Not on the High Street
Another homegrown UK venture, Not on the High Street also has the distinction of being genuinely grassroots, started by two female entrepreneurs who wanted an online space for local craft businesses who couldn’t afford shops (hence the name). Having grown from 200 local crafters to over 5,000 across the UK, it has also drastically increased its customer base to over 38 million visitors a year in 2019.
Setting up on the site is harder and more expensive than on any of its competitors, with a one-off fee of £199, a 25% commission on every sale and a rigorous process of checking every new store for its quality. Having said that, successfully setting up a NOTHS shop places you in the top few hundred of your type of store in the UK, and with more than 38 million pairs of eyes shared between just 5,000 stores every year, there is potential for a lot of exposure.

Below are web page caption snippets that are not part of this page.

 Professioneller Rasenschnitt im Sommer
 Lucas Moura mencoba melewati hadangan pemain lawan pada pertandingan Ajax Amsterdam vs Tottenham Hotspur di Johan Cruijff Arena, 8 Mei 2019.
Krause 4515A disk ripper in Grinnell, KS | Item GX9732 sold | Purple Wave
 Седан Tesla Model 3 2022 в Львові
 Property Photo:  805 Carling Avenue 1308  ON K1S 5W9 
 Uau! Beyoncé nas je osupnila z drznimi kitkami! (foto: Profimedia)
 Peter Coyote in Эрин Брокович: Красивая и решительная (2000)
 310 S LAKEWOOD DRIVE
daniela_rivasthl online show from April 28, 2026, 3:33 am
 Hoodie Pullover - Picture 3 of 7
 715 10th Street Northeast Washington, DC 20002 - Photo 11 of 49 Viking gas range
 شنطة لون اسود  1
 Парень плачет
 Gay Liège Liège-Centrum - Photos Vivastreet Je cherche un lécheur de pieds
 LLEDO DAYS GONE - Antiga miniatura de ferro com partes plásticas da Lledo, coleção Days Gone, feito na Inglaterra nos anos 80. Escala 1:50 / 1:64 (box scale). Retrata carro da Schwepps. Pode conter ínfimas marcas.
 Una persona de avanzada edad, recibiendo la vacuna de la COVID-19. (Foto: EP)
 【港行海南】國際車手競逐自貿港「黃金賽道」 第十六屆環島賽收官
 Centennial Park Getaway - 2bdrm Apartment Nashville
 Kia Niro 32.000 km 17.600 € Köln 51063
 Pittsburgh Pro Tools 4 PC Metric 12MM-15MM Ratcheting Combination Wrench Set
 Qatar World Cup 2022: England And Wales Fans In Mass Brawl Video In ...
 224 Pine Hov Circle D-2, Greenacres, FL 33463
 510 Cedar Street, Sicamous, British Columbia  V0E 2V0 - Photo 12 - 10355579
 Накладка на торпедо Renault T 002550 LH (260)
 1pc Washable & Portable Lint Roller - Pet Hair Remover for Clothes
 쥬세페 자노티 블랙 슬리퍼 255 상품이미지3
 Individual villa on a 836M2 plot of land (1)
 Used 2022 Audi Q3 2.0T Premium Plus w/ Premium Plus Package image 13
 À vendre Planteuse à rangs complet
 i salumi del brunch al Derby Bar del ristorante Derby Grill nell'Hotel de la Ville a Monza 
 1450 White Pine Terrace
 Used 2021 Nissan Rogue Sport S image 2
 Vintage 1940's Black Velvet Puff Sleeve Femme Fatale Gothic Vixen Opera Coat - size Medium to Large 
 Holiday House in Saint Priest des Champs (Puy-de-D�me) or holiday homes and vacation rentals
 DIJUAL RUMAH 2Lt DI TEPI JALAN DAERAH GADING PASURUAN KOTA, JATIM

Like eBay, NOTHS places a great deal of emphasis on the store and its owner over the products, and the more information and personality you can put into your shop and what you sell, the better. However, once again, this only applies to a relatively niche group of homemade or handmade craft gifts and items, so it is definitely not for every type of business.
Online Marketplace Europe
The UK is one of the larger markets in the world for online shopping, but it’s nothing when you consider it next to the entire continental European ecosystem, where 500 million potential customers live. But while the UK’s markets are relatively centralised and uniform, there’s a huge amount of variation in Europe’s markets depending on their region and language, as well as many other factors. Luckily, thanks to the great connections between each market that exists on the continent, it’s really easy to sell between them, so here’s a quick look at some of your biggest avenues.
Polish online marketplace Allegro is the largest of its kind in Eastern Europe. Also, it is the fifth-largest in Europe as a whole. While it may not have the same kind of brand recognition that more famous marketplaces enjoy, it’s been around in Europe for as long as eBay and Amazon and boasts more than 20 million accounts. One of the biggest advantages of pursuing sales via Allegro is that the platform acts as a gateway to the whole Eastern European market, and though it is mainly focused on Poland, it is also used in the Baltic and in neighbouring states like Romania.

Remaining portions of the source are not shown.